Table 1: Treatment parameters and properties of surface crosslinked polyacrylate SAP particles
Sample
No. EC
(wt %) PEG
Mn
(0.5%) Water
(%) Temp
(oC) Time (min) AUL
(0.3 psi) AUL
(0.7
psi) CRC
(g/g) Extractables
(%) Free swelling
Base 3 0 4 - - 14 8.4 33 9.5 53
SXL1 3 0 4 150 60 22 17 32 9.0 52
SXL2 3 0 4 160 60 26 22 32 6.6 52
SXL3 3 0 4 170 60 21 17 28 7 49
SXL4 3 0 4 180 30 23 18 30 8.5 50
SXL5 3 600 4 160 60 28 23 33 5.9 56
SXL6 3 1500 4 160 60 28 22 31 8 56
SXL7 3 4000 4 160 60 28 21 32 6.4 56
SXL8 3 6000 4 160 60 27 19 32 8.9 56

[0056] As can be seen from Table 1 above, non-crosslinked polyacrylate SAP particles (denoted as “Base”) exhibited AUL of 14 at 0.3 psi and of 8.4 at 0.7 psi.
[0057] Surprisingly, it could be noted that if the treated SAP particles are exposed to temperatures below 155°C, the extractables remains above 9% i.e. very high, above the desired values (See, Entry marked as “SXL1” obtained by exposing treated SAP particles to 150°C for 60 minutes); further, if the treated SAP particles are exposed to temperatures above 175°C, the extractables remains above 8.5% i.e. very high, above the desired values despite of reducing the exposure time (See, Entry marked as “SXL4” obtained by exposing treated SAP particles to 180°C for 30 minutes). Notably, when the treated SAP particles are exposed to a temperature within the range of 155°C to 170°C, surface crosslinked SAP particles could be obtained that exhibit remarkably low extractables while maintaining high CRC (See, entries marked as “SXL2” and “SXL3”). These observation were quite surprising and in contrast to the conventional knowledge and practice.
[0058] As can also be seen from Table 1 above, polyacrylate SAP particles crosslinked with a crosslinker solution having only ethylene carbonate (EC) as a crosslinker exhibited AUL of 26 at 0.3 psi and of 22 at 0.7 psi (See, an entry marked as “SXL2”). Polyacrylate SAP particles crosslinked with a crosslinker solution having a combination of ethylene carbonate (EC) and polyethylene glycol (PEG) as crosslinkers exhibited superior AUL of 28 at 0.3 psi and of 23 at 0.7 psi (See, an entry marked as “SXL5”).
[0059] It could also be observed, albeit surprisingly, that when polyethylene glycol (PEG) of number average molecular weight (Mn) ranging from 600 to 4000 (and particularly, from 600 to 1500) was used (in combination with ethylene carbonate), the enhancement in AUL and extractable properties was more prominent as compared to the SAP particles corsslinked using polyethylene glycol (PEG) of molecular weight higher than 6000.
[0060] To further study the effect of varying the amounts of ethylene carbonate and polyethylene glycol (PEG-600), experiments were conducted keeping the exposure temperature at 160°C and exposure time of 60 minutes.
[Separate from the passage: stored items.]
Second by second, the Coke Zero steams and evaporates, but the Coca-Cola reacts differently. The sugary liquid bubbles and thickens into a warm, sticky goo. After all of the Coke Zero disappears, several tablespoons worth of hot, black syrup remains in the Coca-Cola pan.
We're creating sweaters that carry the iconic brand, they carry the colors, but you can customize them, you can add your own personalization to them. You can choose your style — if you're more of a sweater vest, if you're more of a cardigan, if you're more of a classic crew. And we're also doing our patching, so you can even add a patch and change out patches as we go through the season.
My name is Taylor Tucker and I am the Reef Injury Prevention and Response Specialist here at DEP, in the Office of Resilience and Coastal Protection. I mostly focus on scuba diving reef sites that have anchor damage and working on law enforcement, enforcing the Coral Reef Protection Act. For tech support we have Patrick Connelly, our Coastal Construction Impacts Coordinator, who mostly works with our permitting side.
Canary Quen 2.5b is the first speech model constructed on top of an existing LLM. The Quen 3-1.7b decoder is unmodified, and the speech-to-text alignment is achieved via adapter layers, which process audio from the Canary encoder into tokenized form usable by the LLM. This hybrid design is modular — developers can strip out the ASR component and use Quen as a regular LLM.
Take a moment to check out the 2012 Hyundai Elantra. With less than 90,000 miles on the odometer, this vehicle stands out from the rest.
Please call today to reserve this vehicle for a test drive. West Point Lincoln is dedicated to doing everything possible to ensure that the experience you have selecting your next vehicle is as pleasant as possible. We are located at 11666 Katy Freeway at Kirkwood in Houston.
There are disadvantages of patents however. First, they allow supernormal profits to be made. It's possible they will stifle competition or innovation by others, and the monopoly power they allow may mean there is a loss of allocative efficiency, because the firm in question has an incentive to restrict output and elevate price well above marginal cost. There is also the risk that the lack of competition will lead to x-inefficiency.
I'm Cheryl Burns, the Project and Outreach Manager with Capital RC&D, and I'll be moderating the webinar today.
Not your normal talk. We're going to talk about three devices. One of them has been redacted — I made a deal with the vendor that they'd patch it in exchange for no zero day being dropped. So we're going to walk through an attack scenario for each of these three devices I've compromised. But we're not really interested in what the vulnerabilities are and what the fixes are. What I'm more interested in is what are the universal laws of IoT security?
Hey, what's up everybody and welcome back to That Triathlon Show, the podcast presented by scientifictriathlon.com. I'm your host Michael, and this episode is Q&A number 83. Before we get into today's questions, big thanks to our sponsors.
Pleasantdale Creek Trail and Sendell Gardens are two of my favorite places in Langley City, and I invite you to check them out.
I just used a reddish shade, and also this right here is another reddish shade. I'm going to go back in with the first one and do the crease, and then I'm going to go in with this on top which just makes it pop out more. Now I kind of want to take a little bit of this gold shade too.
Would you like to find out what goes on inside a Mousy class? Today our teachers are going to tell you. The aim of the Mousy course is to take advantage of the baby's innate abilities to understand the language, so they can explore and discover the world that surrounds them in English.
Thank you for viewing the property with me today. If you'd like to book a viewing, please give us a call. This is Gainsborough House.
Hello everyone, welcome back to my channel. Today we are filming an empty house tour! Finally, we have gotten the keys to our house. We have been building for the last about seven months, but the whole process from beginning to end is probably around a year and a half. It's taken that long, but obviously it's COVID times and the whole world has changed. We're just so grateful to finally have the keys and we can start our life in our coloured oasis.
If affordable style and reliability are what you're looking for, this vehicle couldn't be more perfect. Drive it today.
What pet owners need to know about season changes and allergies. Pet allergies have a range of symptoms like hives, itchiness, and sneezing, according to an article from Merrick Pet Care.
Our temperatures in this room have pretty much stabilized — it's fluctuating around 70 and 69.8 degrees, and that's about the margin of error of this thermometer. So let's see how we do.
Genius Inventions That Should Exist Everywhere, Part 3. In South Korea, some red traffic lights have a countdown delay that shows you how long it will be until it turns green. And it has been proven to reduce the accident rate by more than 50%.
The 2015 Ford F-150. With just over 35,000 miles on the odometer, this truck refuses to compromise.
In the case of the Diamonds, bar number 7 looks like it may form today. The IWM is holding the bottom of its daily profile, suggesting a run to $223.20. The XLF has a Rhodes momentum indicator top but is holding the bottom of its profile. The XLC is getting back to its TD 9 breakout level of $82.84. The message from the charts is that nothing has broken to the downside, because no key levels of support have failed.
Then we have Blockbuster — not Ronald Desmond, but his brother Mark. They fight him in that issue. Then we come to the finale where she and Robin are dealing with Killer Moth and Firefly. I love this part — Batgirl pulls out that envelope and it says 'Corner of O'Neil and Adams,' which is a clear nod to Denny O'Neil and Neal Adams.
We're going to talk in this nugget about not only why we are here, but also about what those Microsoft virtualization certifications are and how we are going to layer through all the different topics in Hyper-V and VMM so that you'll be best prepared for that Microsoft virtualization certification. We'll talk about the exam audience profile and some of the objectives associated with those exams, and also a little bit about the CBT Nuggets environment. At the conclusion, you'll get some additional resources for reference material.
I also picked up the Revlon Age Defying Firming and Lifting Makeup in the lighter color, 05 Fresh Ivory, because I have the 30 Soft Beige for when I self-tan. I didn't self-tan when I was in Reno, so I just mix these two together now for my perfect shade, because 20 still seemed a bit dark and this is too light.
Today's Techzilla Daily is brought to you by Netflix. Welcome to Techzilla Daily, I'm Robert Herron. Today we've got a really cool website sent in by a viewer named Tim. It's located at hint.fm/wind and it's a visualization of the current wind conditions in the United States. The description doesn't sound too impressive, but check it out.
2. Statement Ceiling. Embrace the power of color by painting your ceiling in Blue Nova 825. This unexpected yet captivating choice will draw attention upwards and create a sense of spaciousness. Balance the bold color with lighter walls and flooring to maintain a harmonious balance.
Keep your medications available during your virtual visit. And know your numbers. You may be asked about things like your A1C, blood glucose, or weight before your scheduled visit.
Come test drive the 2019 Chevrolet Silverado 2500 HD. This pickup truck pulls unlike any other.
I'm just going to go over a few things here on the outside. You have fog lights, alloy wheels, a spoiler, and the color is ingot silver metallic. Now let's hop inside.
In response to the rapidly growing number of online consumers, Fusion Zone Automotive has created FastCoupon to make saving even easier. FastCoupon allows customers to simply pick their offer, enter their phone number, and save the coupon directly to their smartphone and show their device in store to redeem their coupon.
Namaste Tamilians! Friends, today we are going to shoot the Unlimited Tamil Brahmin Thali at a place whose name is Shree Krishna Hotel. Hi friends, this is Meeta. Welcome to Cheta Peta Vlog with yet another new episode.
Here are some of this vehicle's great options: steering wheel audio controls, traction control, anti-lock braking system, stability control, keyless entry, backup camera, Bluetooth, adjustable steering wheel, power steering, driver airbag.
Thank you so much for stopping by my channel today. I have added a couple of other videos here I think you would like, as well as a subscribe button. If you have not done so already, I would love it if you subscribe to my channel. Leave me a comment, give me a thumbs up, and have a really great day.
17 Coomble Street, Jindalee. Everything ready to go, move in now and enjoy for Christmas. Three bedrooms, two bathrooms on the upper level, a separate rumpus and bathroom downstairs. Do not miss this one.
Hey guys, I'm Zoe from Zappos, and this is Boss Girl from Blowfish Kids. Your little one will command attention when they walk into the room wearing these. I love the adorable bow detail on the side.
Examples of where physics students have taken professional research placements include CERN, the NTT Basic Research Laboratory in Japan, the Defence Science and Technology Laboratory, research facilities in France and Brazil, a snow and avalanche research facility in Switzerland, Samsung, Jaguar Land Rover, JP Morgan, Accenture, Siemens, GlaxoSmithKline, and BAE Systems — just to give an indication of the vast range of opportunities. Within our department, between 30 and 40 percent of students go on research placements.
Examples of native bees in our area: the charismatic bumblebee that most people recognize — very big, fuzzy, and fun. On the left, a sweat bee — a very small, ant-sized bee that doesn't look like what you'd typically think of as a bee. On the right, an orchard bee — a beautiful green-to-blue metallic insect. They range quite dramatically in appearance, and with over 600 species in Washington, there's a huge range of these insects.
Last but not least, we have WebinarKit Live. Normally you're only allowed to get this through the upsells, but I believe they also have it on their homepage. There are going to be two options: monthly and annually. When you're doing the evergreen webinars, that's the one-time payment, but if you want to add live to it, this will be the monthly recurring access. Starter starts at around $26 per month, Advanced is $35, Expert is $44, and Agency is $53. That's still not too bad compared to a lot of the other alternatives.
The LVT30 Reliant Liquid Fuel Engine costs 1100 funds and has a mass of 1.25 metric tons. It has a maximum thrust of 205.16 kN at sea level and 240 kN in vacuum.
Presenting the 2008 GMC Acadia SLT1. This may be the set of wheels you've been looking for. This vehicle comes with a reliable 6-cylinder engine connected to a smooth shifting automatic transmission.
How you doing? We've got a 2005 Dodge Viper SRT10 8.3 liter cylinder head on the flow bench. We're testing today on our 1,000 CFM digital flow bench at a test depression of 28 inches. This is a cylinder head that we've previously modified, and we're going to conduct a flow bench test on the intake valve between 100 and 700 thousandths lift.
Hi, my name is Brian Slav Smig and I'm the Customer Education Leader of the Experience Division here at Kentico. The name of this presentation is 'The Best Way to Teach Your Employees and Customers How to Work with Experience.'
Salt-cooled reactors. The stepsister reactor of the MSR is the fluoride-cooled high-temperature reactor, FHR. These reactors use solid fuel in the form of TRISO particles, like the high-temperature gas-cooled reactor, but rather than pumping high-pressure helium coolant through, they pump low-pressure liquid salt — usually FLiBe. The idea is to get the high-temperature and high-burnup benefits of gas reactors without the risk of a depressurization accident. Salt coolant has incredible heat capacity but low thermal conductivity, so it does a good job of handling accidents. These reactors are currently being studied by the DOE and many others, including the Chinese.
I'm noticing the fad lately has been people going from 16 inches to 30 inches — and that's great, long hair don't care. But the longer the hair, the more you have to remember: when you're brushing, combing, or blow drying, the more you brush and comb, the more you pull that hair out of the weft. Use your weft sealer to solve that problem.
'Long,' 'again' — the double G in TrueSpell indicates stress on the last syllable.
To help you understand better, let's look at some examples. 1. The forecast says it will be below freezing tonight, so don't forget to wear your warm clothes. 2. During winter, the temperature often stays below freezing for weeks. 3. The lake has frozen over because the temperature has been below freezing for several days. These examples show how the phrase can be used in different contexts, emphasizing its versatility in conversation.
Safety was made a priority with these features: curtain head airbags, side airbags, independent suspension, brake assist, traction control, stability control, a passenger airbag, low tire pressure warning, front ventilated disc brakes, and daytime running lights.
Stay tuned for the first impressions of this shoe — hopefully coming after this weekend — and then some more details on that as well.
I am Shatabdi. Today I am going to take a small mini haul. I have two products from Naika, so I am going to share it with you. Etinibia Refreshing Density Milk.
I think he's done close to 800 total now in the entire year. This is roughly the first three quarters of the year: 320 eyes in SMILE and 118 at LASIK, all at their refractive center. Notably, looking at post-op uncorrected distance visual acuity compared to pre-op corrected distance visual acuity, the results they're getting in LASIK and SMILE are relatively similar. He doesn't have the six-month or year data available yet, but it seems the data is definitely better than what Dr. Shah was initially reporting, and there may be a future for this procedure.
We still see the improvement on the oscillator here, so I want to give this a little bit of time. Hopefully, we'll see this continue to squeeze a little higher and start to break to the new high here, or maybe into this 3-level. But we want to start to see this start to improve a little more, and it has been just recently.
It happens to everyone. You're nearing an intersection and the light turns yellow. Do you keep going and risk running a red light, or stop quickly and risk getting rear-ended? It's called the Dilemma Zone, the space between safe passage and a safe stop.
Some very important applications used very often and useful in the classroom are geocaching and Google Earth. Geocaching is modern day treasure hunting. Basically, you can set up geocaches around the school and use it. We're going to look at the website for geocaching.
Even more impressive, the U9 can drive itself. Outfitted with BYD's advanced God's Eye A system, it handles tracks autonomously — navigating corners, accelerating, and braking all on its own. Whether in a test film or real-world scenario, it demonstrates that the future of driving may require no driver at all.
Table 2 below illustrates properties of resultant suface crosslinked polyacrylate SAP particles.
Table 2: Properties of surface crosslinked polyacrylate SAP particles
Sample
No. EC
Wt (%) PEG-600
(wt. %) AUL
(g/g at 0.3 psi CRC
(g/g) Free swelling
Extractables
(%)
SXL-2 3 0 26 32 52 6.6
SXL-9 2.5 0.5 28 35 60 6.1
SXL-10 2 1 28 34 56 6.1
SXL-11 1.5 1.5 29 34 57 6.0
SXL-12 1 2 27 35 57 6.0
SXL-13 0.5 2.5 27 37 57 5.9
SXL-14 0 3 26 34 57 6.0

[0061] Although the subject matter has been described herein with reference to certain preferred embodiments thereof, other embodiments are possible. As such, the spirit and scope of the appended claims should not be limited to the description of the preferred embodiment contained therein. Furthermore, precise and systematic details on all above aspects are currently being made. Work is still underway on this invention. It will be obvious to those skilled in the art to make various changes, modifications and alterations to the invention described herein. To the extent that these various changes, modifications and alterations do not depart from the scope of the present invention, they are intended to be encompassed therein.

ADVANTAGES
[0062] The present disclosure provides a method for production of surface crosslinked polyacrylate super absorbent polymer (SAP) particles that exhibit low extractables.
[0063] The present disclosure provides a method for production of surface crosslinked polyacrylate super absorbent polymer (SAP) particles that has superior absorption rate, high CRC and high AUL.
[0064] The present disclosure provides a method for production of surface crosslinked polyacrylate super absorbent polymer (SAP) particles that is economical and industrially applicable.
[0065] The present disclosure provides surface crosslinked polyacrylate super absorbent polymer (SAP) particles that exhibit low extractables, superior absorption rate, high CRC and high AUL.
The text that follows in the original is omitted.